Pregnancy just kinda sucks. 

At least it always has for me, and I don’t mind saying it. Some women love it and I wish I was one of them, but for me it’s being brutally sick for the first three months, followed by being highly uncomfortable and tired — both mentally and physically — the following six months. And I don’t look anything like magazine-cover-celebrity pregnancy. I do look like a public service ad for obesity. Or diabetic edema. Or the ‘before’ picture for epi-pens. Or maybe goiter.

That’s why I think any additional unnecessary layers of difficulty we lay on pregnancy need to go. (It’s NOT reasonable to have your body back three weeks after giving birth, there’s no IDEAL amount of weight to gain, you WON’T ruin your baby’s IQ and all future chances of health and happiness if you eat pizza instead of broccoli every now and then, etc.) Everybody calm down.

Enter the big ole secret-keeping rouse of the first trimester… Granted, there’s a lot that can go wrong in the first three months of pregnancy. It’s considered a delicate time, most susceptible to miscarriage. Some of the baby’s most key developments can go wrong at this time. And for those reasons, and probably a lot of others, we observe this peculiar and unspoken custom in our culture where the parents go on guard of their news like they’re the gatemen for Fort Knox. And yes, it’s big news, but we act like we’ve been handed the recipe for Coca Cola instead of a blurry black and white ultrasound photo.

Some of the books and well-meaning advisers reason that if, God forbid, you lose the baby and no one knew in the first place, you’ve successfully kept the whole thing a very private matter and you don’t have to deal with the… the… what, exactly? Questions and scrutiny? I suppose that’s the implication, but I have a hard time wrapping my head around the fact that that’s the expected response to a miscarriage.  Sure, in the depths of a loss a person very well may not want to talk about it, and rightfully so. But to not want anyone to even know about the fact that you had a new member of the family, and then… didn’t? That could be the preference for some people, and if it is, absolutely fine. Totally your call. But to me, that kind of isolation would feel like a second tragedy on top of the first. 

It feels like a lot of other things, too. For me it feels like a fear-based approach. And it feels like postponing joy, or tiptoeing towards a blessing with skepticism. And maybe most unsettling, it feels like a decision to walk through any possible loss or pain in secret, without the support of friends and family.

And just like pregnancy itself, it may not feel like that to everyone. Maybe keeping things under wraps is truly the best decision for some families. But I’m not interested in keeping up this whole first trimester silence, or avoiding the early announcement taboo. I’m already too exhausted.

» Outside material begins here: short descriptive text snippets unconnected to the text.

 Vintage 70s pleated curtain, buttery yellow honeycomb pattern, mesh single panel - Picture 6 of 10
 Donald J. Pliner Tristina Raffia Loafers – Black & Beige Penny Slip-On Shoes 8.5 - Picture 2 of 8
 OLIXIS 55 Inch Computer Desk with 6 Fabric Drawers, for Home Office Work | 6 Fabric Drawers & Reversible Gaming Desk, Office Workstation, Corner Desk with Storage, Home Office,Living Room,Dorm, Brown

So here it is: I am nine weeks pregnant. 

All of you people who are ‘my people’ are now officially in this with me, for better or worse, and I wouldn’t have it any other way.

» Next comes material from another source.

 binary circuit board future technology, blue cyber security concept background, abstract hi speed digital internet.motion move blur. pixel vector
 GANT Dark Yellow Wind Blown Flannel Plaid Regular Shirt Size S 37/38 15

Now if you’ll excuse me, I’m off to observe a pregnancy custom I will be keeping: eating questionable/nasty stuff from Taco Bell. My pregnancy, my way.

The first ultrasound photo of Little Peanut III.

One Comment

  1. bethany

    Congratulations my lovely friend. I, too, immediately shared news of my pregnancy. No regrets about it. I knew I would want my people by my side, regardless of the outcome, sharing the whole experience. Thank you for letting me share yours!